You might even think to use SHA-256 for password hashing in a database. The problem is that because it's so fast, it won't do much to slow down an attacker getting plaintext passwords. Anyone with a copy of the database could precompute the hash values, making it possible to suss out every row with a password of
hello123 in a matter of microseconds.
To help combat this, using a slower algorithm or key derivation function designed for password-hashing can help stymie these sort of attacks without inconveniencing legitimate users. In its simplest form, these processes simply makes hashing take orders of magnitude longer. This makes precomputing much more expensive in terms of time.
What if we could also make it possible for multiple rows to have the same password without their hashes being the same? Enter salting.

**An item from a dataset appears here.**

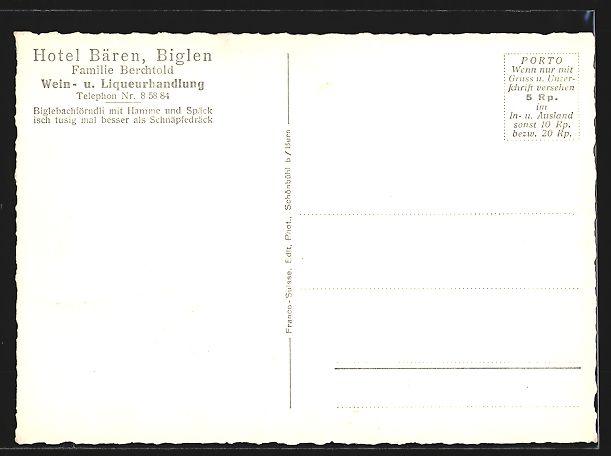 Cartes postales: AK Biglen, Hotel Bären – D'occasion à Berlin par bartko-reher 1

A salt is a piece of randomly-generated data that is prepended or appended as part of the cryptographic hashing process, then stored with the password. It's not secret, not at all, and its primary purpose is to make it impossible to precompute hashes. Combined with a slower hashing function and a hacker who wants to break an entire database of passwords is going to have to go one row at a time, potentially very slowly. Let's suppose that your salt is two bytes long:
% echo -n '2sHELLO, WORLD!' | shasum -a 256 da1c8986242f128d2dea484483446b90dfa3a35b613121ca1de76eff68380907 - % echo -n 'xfHELLO, WORLD!' | shasum -a 256 563f022aee539a070ebec1b1afd4c4e6aaab141ecff2c1886c4982cd084f9bc8 -
We prepend the two bytes to our original string
HELLO, WORLD! and take advantage of how drastically the input changes. The only catch is that when we store the hash, we need to be sure to store the salt as well!
It's now 2020. Maybe there's an even better option: Single Sign-On, or SSO. This allows a service to not store any password data at all, instead relying on some sort of outside authority such as Google, GitHub, or a directory service to deal with password security. Then when you try to sign into the service, you can choose the option to sign in with an external account. For instance, many GitHub integrations give you the option of signing in with GitHub: when you try to sign in, you will be taken to the GitHub login page. Once you login is complete, you'll return to the integration page. They never get a copy of your password.
Although we provide both password-based and SSO authentication for our customers, FloQast strongly encourages everyone to make use of their own organization's directory system. This makes onboarding faster, encourages self-service, and reduces the number of passwords that people have to create. Better security for everyone!